Eventually, he would join the Orange High staff when the school was integrated in the academic year of 1968-1969.
It was a time filled with tension that often spilled into violence.
In his book, Lyons details one incident were his Volkswagen overheated along U.S. 70 in Hillsborough on his way back to Greensboro. After pulling up to a nearby Exxon, he told the station attendant that his fan belt had broken and needed it replaced. The attendant responded he only provided gas. When Lyons asked for an adjustable wrench, the attendant went inside and returned with a gun. Instead of shooting, the attendant attempted to hit Lyons with the gun and it turned into a struggle where the firearm discharged. Ultimately, the attendant told Lyons to leave or else he would kill him.

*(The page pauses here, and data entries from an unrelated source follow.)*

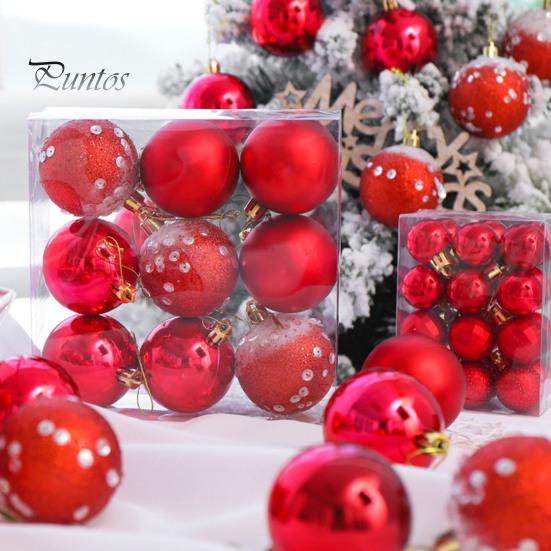 

9 шт., рождественские шары, орнамент, небьющиеся, 6 см, пластиковый шар с цветным принтом для праздничной вечеринки, макет сцены, рождественская елка, подвесное украшение зелёный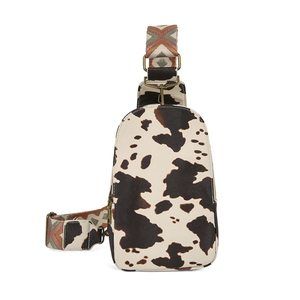 Small Sling Bag Crossbody Bag, Cow Print Pu Leather Wide Guitar c: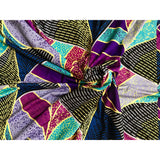 African Print, Elastic Fabric- Purple, Blue, Turquoise, Yellow "Chinwe", Per Yard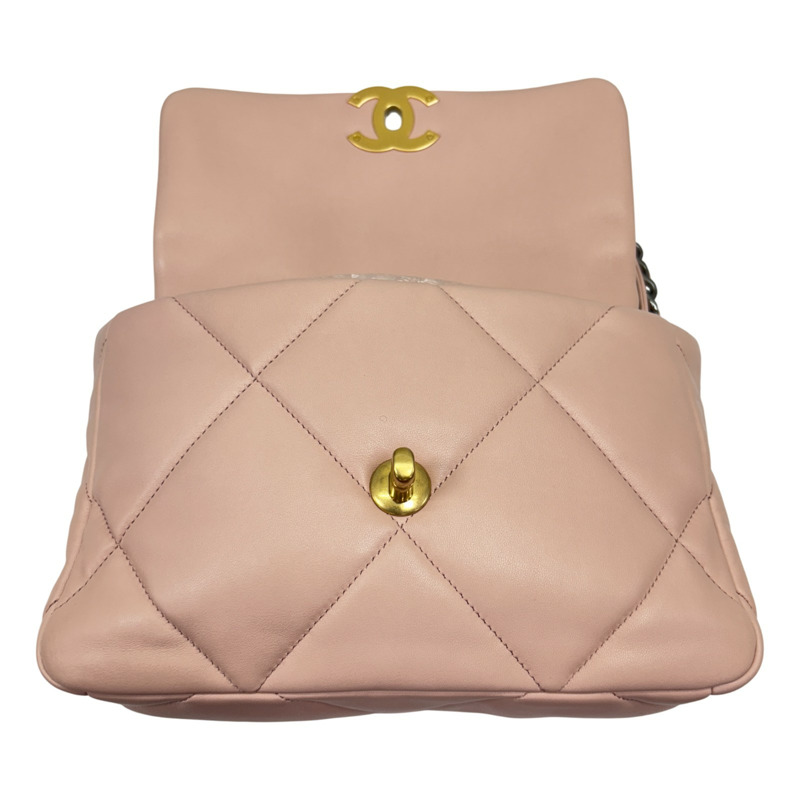 粉紅色 羊皮 19 口蓋包 【CHANEL 香奈兒】 AS1160-4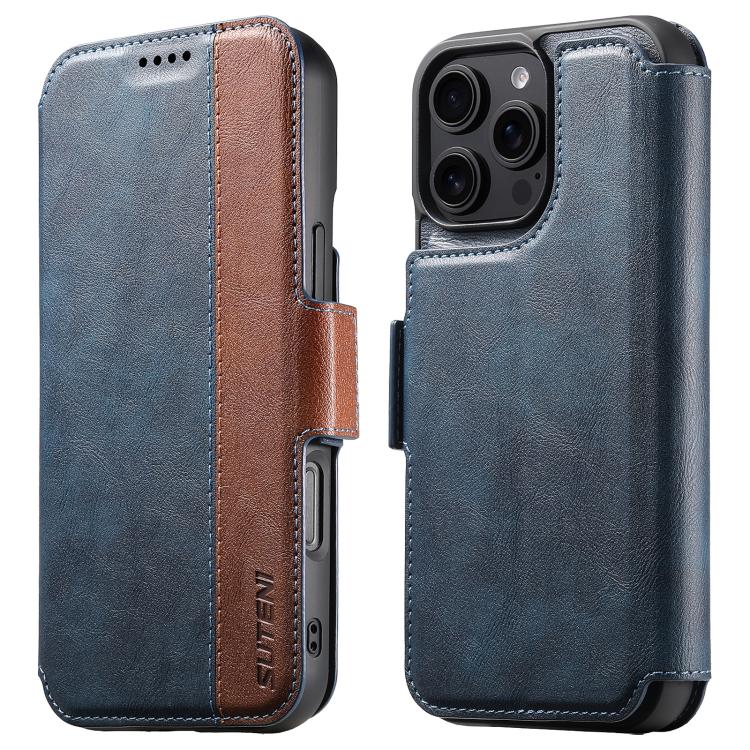 For iPhone 16 Pro Max Suteni Q07 2-in-1 Multi-function Detachable Wallet MagSafe Phone Case(Blue) by Suteni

Lyons reported the situation to police, where he ran into resistance from some skeptical officers. Ultimately, Lyons didn’t pursue charges based on the fear of a public backlash.

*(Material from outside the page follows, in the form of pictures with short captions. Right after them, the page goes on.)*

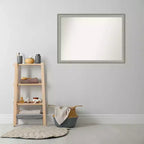 Specchio da parete stretto ed elegante 41"x30" per bagno, finitura peltro - Amanti Art: Hardware di montaggio incluso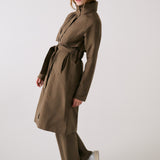 Lolë Alizé Trench Coat in Mocha olive brown — fit note: Cut with a relaxed fit for comfortable layering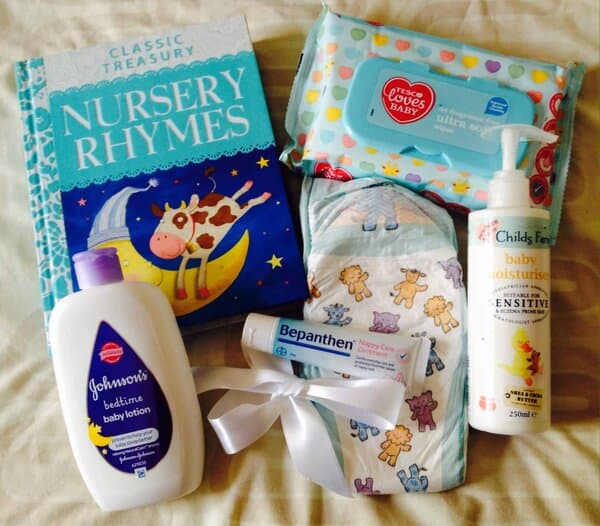 Our Bepanthen Bedtime Challenge Essentials - Bepanthen nappy ointment, Nursery Rhymes Book, Johnson's bedtime baby lotion, Nappy, Ultra sensitive baby wipes and Childs Farm baby moisturiser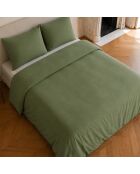 Parure housse de couette en coton Haven kaki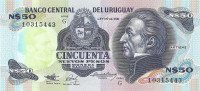 50 песо 1989 года. Уругвай. р61А(2)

Of the five players on Orange’s 1969 3A State Championship team, four were starters on Lyons’ final squad at Central High School–Roosevelt Chavious, Fred Chavious, Johnny Crump and Calvin Wade.
“Coach Lyons treated me like I was his son,” said Roosevelt Chavious. “I used to spend 2-3 weeks during the summer at his home and played summer league basketball through the recreation center where he worked. During my senior year he took me to visit colleges, even though he was no longer my coach, and thought Winston-Salem State University was a good choice. He even came to some of my games and would wait and talk to me afterwards.”
Last May, Lyons returned to Hillsborough for a ceremony to honor the 1969 State Championship team organized by various prominent members of the Orange County community. After the team waited 55 years to receive its state championship rings following its victory over Madison-Mayodan inside Sykes Gymasnium at Durham High School, Lyons and his players got their hardware last spring.
“It was probably best I didn’t get my state championship ring until last year,” Bynum said. “If I had gotten it in 1969, I would have lost it a long time ago.”